Ce qu’on peut voir dans les œuvres de Reinhard Roy ne vient pas de l’extérieur. C’est la trame même qui les définit. Celle-ci ne renvoie pas à quelque chose en dehors du tableau. Elle n’a pas de fonction référentielle, mais elle se présente comme la substance artistique. De même, on ne peut pas ignorer les conditions techniques. Elles sont consitutives pour le tableau, surtout en ce qui concerne les possibilités de transformations.
La densité de la trame est telle, que les différents points sont toujours visibles. Même vus de la distance ils ne se mêlent pas dans un feint semi-ton. L’œil aperçoit la différence entre l’unité et la diversité, entre les différentes partie et l’ensemble. On ne peut pas exactement définir l’élément de base. Ça peut être le point mais également la surface. Les surfaces tramées vibrent et restent dans un état d’inquiétude et d’instabilité. Ses tableaux semblent être tridimensionnels. Roy écrit : »J’utilise cet élément formel pour créer des effets tridimensionnels sur la surface. » Le déplacement du pochoir et l’emploi de différentes couleurs renforcent l’impression d’une structure tridimensionnelle. La subtilité et l’essence artistique des tableaux de Reinhard Roy se montrent justement dans la contradiction que ce caractère tridemensionnel n’est qu’apparent. Il est réel dans l’imagination du spectateur. La structure des points stimule la capacité de penser en trois dimensions. Il ne s’agit pas seulement d’accepter tout simplement la perception visuelle, mais de comprendre les trois dimensions comme une réalité transcendantale. En prenant en considération ces conditions fondamentales, on peut dire que la couleur, le format et la composition ne sont pas tellement décisifs pour l’œuvre individuelle, tant qu’ils correspondent à ce qui est présent comme la condition de base indispensable dans le concept artistique de Reinhard Roy.
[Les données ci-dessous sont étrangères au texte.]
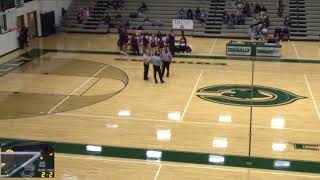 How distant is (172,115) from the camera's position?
15914 millimetres

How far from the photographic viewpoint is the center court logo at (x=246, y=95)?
17.4 meters

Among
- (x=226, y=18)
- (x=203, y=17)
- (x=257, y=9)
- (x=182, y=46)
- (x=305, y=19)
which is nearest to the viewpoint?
(x=182, y=46)

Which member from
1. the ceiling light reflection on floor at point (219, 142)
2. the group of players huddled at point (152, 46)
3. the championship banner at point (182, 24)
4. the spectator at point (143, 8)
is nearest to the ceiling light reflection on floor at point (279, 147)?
the ceiling light reflection on floor at point (219, 142)

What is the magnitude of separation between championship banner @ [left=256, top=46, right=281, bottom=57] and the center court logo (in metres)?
5.77

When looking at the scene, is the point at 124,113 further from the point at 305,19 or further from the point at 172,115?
the point at 305,19

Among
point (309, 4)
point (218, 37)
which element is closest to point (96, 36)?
point (218, 37)

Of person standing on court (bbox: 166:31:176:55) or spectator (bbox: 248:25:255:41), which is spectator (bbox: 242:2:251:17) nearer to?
spectator (bbox: 248:25:255:41)

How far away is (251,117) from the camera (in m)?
15.8

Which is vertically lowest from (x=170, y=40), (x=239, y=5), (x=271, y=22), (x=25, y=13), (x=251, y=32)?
(x=251, y=32)

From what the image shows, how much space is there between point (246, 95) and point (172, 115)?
367cm

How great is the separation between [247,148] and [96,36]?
19.8 m

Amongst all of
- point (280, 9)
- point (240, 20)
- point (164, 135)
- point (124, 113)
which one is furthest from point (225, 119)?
point (280, 9)

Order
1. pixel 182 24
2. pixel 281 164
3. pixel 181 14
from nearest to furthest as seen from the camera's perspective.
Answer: pixel 281 164 < pixel 182 24 < pixel 181 14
Une comparaison des différentes trames et de leur position sur les surfaces souvent carrées, des couches, des nuances, des moirés et des couleurs souligne très clairement les différences entre les tableaux. Il y a une série d’œuvres dans un bleu froid aves des trames rouges, ou bien des tableaux en gris et en ocre clair. Roy préfère les nuances en évitant l’opposition des couleurs primaires, ce qui confère à ses œuvres une grande légèreté et intensité. Il prend ses distances vis-à-vis de tout schématisme, ce qui est un aspect très important. L’accent formel des surfaces tramées varie de tableau en tableau. Ça peut être une surface carrée au centre ou un rectangle touchant le haut du tableau. Des surfaces de différentes tailles, des carrés isolés ou des carrés empilés accentuent la base, ou, ton sur ton, près du bord, la surface intérieure. Quelques tableaux ont un caractère méditatif, ce qui est dû à la présence d’un espace blanc dans la surface. Les tableaux de Reinhard Roy ne représentent pas quelque chose de différent de ce qu’ils sont. Le visible ne renvoie pas à quelque chose au-delà de lui-même.
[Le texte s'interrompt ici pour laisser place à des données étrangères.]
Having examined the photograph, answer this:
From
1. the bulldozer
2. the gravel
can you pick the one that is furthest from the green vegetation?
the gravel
Le point est un élément mathématique. Dans les tableaux de Roy il est devenu matière. Il a pris une forme, à l’aide de laquelle il est accessible comme un objet de perception. Dans un certain contexte on peut l’agrandir, mais seulement jusqu’à un certain degré, sinon il perdrait toutes les qualités spécifiques en tant que point. Agrandi, il devient cercle. On ne peut pas exactement définir le moment, quand un point se transforme en cercle. La série des points constitue une surface dans une certaine nuance. La distance entre les différents points est très importante. Il est vraiment étonnant que les points isolés créent un ensemble, qui peut être considéré comme un assemblage mais en même temps comme un alignement continu, virtuellement renfermé en lui-même. Roy prend souvent des trames d’une densité égale. Mais il y a des exceptions. Un aspect caractéristique dans son œuvre est la présence simultanée d’éléments contradictoires. Ses surfaces sont transparentes, mais en même temps compactes dans leur présence. Plus les surfaces sont transparentes, moins elles sont denses. La plus grande différence existerait entre une surface marquée aux bords et une surface sans aucune trame. C’est dans ses sculptures que Roy a réalisé cette radicale différenciation minimale de deux surfaces. Ses tableaux peuvent être caractérisés par la transparence des surfaces tramées ainsi que par l’effet d’une légèreté subtile. Un autre aspect important est la question de la construction de la réalité. Les points des trames et les ombres qui suggèrent un concept spatial tridimensionnel contribuent au problème de la perception. La persepctive est un autre phénomène décisif. Le fait que dans la distance les objets diminuent ou même disparaissent est quelque chose de contradictoire à l’expérience: Les objets éloignés sont presque aussi grands que ceux près de nous. On ne peut pas parler d’illusion visuelle, cependant. Et nous ne pouvons pas non plus relativiser la façon dont nous percevons la réalité. Cela vaut de même pour les surfaces tramées de Roy avec leurs vibrations, leur transparence et leur dimension spatiale.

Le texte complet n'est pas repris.